[PATCH kernel v2 0/7] powerpc/powenv/ioda: Allow huge DMA window at 4GB

Wed Apr 22 16:49:06 AEST 2020

On 21/04/2020 16:35, Oliver O'Halloran wrote:
> On Tue, Apr 21, 2020 at 3:11 PM Alexey Kardashevskiy <aik at ozlabs.ru> wrote:
>>
>> One example of a problem device is AMD GPU with 64bit video PCI function
>> and 32bit audio, no?
>>
>> What PEs will they get assigned to now? Where will audio's MMIO go? It
>> cannot be the same 64bit MMIO segment, right? If so, it is a separate PE
>> already. If not, then I do not understand "we're free to assign whatever
>> PE number we want.
> 
> The BARs stay in the same place and as far as MMIO is concerned
> nothing has changed. For MMIO the PHB uses the MMIO address to find a
> PE via the M64 BAR table, but for DMA it uses a *completely* different
> mechanism. Instead it takes the BDFN (included in the DMA packet
> header) and the Requester Translation Table (RTT) to map the BDFN to a
> PE. Normally you would configure the PHB so the same PE used for MMIO
> and DMA, but you don't have to.

32bit MMIO is what puzzles me in this picture, how does it work?

>>> I think the key thing to realise is that we'd only be using the DMA-PE
>>> when a crippled DMA mask is set by the driver.
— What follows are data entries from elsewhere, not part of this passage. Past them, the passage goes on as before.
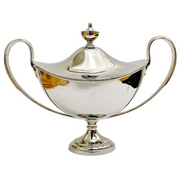 Late 20th Century Nickel Silver Decorative Soup Tureen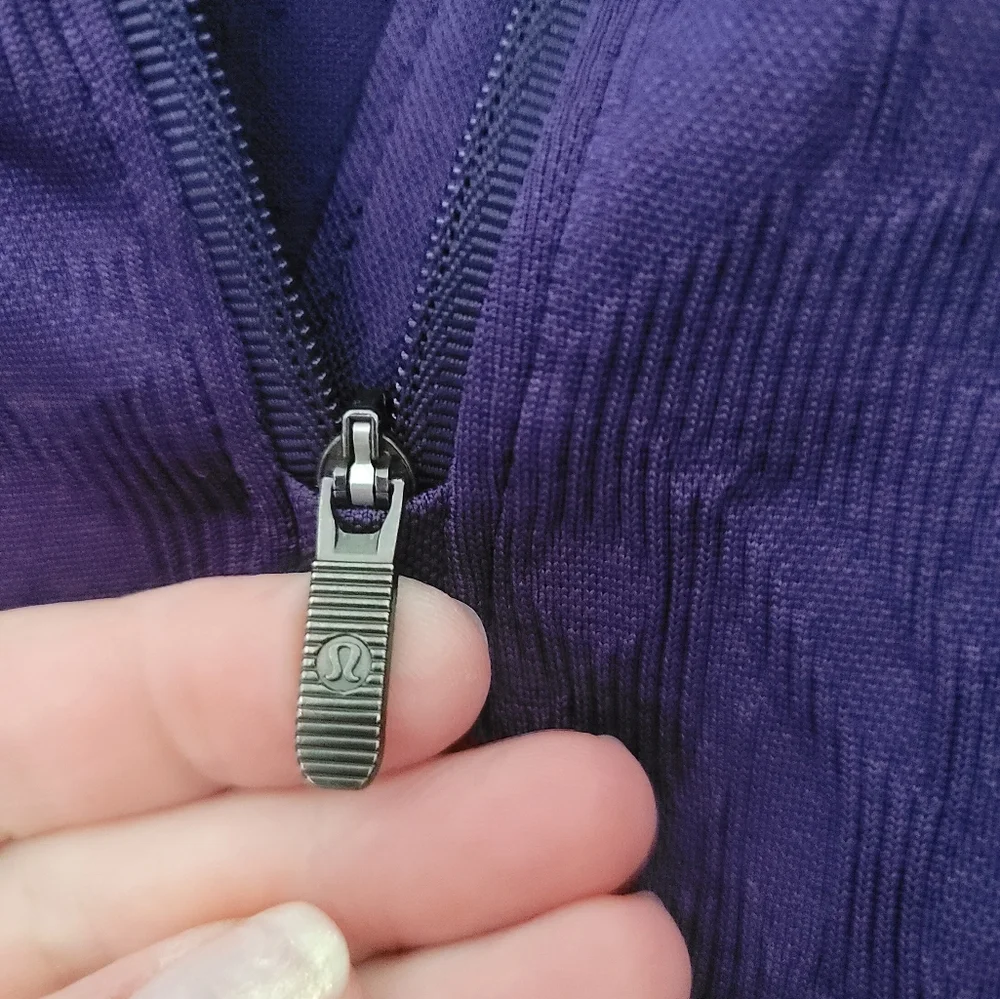 **sold**  Lululemon 3/4 zip pullover. - Picture 3 of 5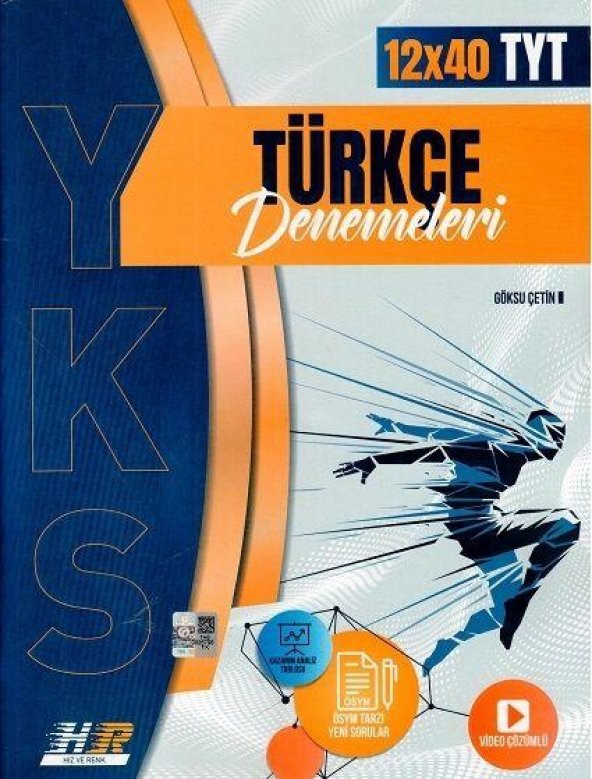 TYT Türkçe 12 x 40 Denemeleri Hız ve Renk Yayınları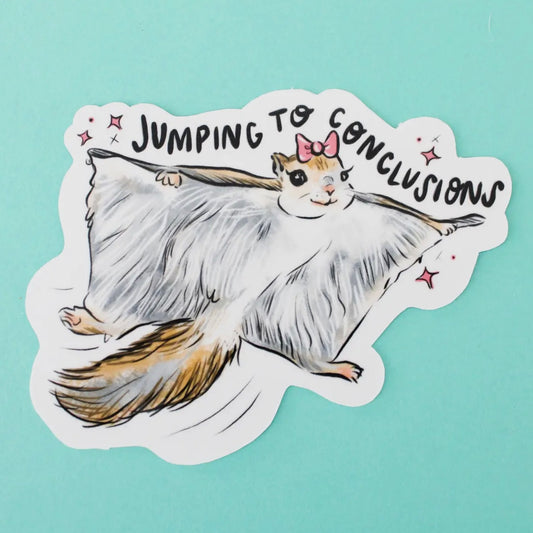 Jumping To Conclusions Squirrel Sticker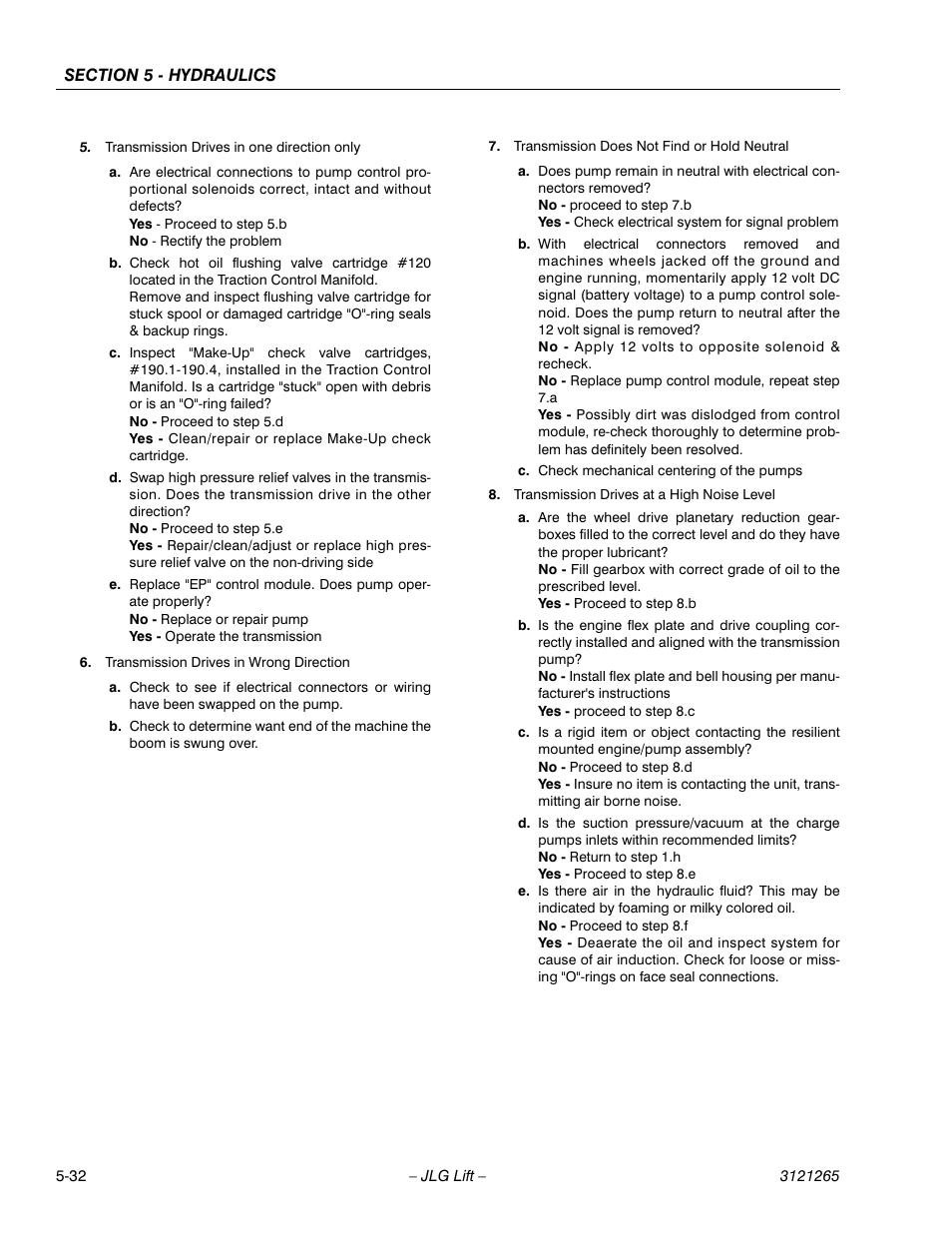 JLG 1100SB Service Manual User Manual | Page 266 / 444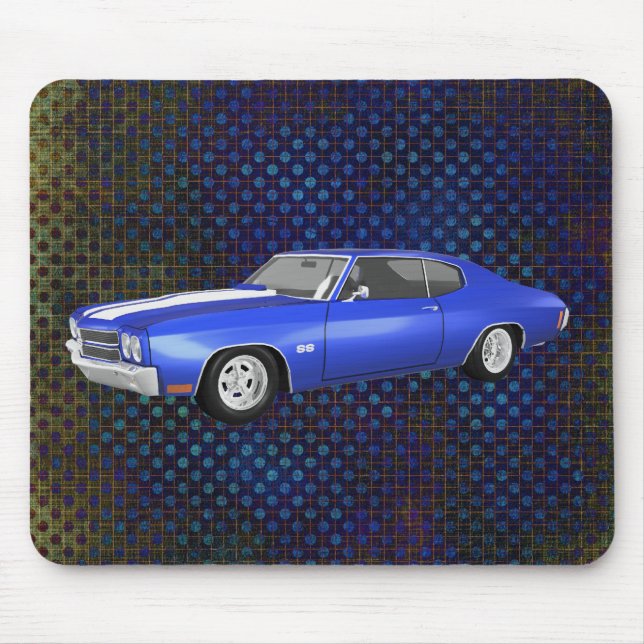 1970 Chevelle SS: Blue Finish: Mousepad (Front)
In all other cases we
>>> can just use the "native PE" and when the driver unbinds we can de-
>>> allocate our DMA-PE and return the device to the PE containing it's
>>> MMIO BARs. I think we can keep things relatively sane that way and the
>>> real issue is detecting EEH events on the DMA-PE.
>>
>>
>> Oooor we could just have 1 DMA window (or, more precisely, a single
>> "TVE" as it is either window or bypass) per a PE and give every function
>> its own PE and create a window or a table when a device sets a DMA mask.
>> I feel I am missing something here though.
> 
> Yes, we could do that, but do we want to?
> 
> I was thinking we should try minimise the number of DMA-only PEs since
> it complicates the EEH freeze handling. When MMIO and DMA are mapped
> to the same PE an error on either will cause the hardware to stop
> both. When seperate PEs are used for DMA and MMIO you lose that
> atomicity. It's not a big deal if DMA is stopped and MMIO allowed
> since PAPR (sort-of) allows that, but having MMIO frozen with DMA
> unfrozen is a bit sketch.

You suggested using slave PEs for crippled functions - won't we have the
same problem then?
And is this "slave PE" something the hardware supports or it is a
software concept?

>>>> For the time being, this patchset is good for:
>>>> 1. weird hardware which has limited DMA mask (this is why the patchset
>>>> was written in the first place)
>>>> 2. debug DMA by routing it via IOMMU (even when 4GB hack is not enabled).
>>>
>>> Sure, but it's still dependent on having firmware which supports the
>>> 4GB hack and I don't think that's in any offical firmware releases yet.
>>
>> It's been a while :-/
> 
> There's been no official FW releases with a skiboot that supports the
> phb get/set option opal calls so the only systems that can actually
> take advantage of it are our lab systems. It might still be useful for
> future systems, but I'd rather something that doesn't depend on FW
> support.

Pensando folks use it ;)

-- 
Alexey